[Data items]
····················

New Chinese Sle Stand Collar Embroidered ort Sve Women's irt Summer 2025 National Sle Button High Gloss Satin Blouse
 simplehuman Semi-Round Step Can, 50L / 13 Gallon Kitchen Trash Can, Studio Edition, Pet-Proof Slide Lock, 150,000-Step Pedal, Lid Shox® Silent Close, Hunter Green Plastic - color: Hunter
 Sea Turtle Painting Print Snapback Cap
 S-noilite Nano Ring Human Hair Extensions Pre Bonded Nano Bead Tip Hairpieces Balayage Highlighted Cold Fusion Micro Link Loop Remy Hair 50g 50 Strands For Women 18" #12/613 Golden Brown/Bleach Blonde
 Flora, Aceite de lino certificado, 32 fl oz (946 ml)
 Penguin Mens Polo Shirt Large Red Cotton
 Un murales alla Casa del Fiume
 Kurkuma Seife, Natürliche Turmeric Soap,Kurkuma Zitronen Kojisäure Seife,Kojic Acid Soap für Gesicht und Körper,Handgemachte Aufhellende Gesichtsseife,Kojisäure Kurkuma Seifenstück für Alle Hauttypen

····················

* **About this task**
Restate word for word the lines above, beginning with the one that contains "S-noilite Nano Ring" and ending with the last line.

* **Written solution**
 S-noilite Nano Ring Human Hair Extensions Pre Bonded Nano Bead Tip Hairpieces Balayage Highlighted Cold Fusion Micro Link Loop Remy Hair 50g 50 Strands For Women 18" #12/613 Golden Brown/Bleach Blonde
 Flora, Aceite de lino certificado, 32 fl oz (946 ml)
 Penguin Mens Polo Shirt Large Red Cotton
 Un murales alla Casa del Fiume
 Kurkuma Seife, Natürliche Turmeric Soap,Kurkuma Zitronen Kojisäure Seife,Kojic Acid Soap für Gesicht und Körper,Handgemachte Aufhellende Gesichtsseife,Kojisäure Kurkuma Seifenstück für Alle Hauttypen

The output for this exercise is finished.